### Problem description
Everything from the line with "Photo 3 of Single" to the end of the data below, both lines included, should be transcribed exactly; please omit the pictures.

### Data shown
┄┄┄┄┄┄┄┄┄┄
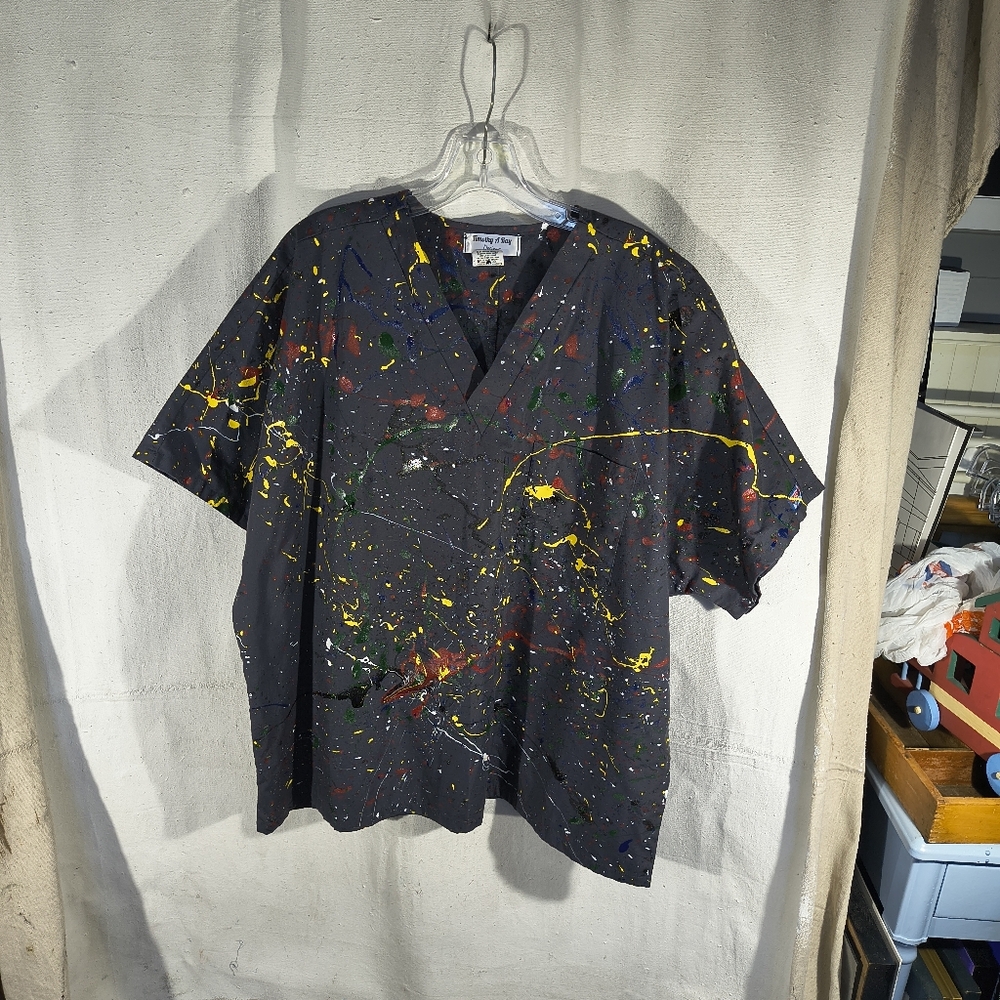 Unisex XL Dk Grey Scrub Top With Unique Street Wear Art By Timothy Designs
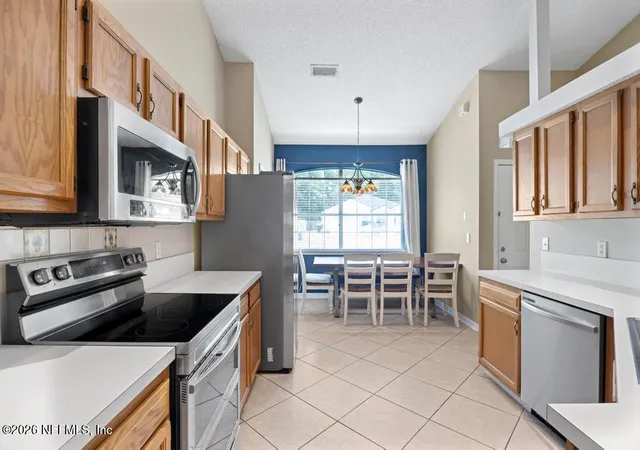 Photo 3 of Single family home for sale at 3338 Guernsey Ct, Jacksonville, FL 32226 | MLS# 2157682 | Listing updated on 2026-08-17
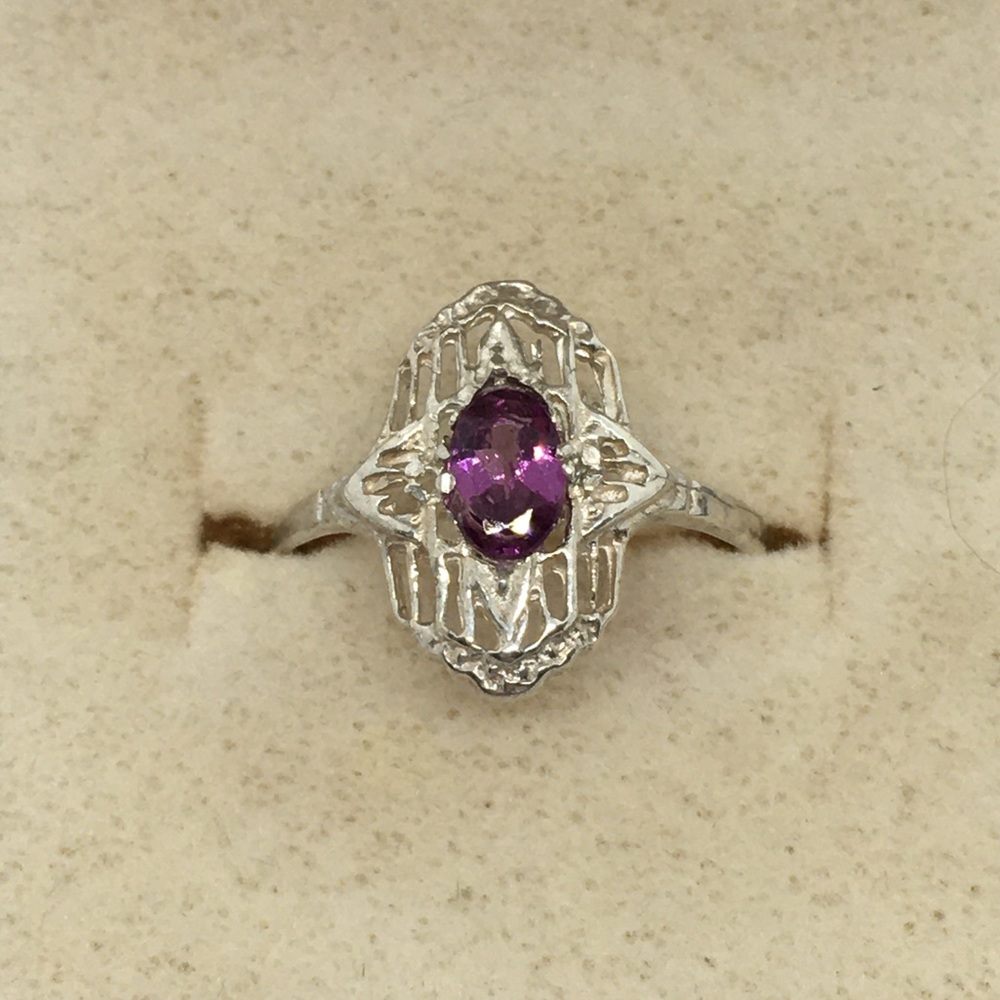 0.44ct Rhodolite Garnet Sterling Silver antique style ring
┄┄┄┄┄┄┄┄┄┄
### Answer box
 Photo 3 of Single family home for sale at 3338 Guernsey Ct, Jacksonville, FL 32226 | MLS# 2157682 | Listing updated on 2026-08-17
 0.44ct Rhodolite Garnet Sterling Silver antique style ring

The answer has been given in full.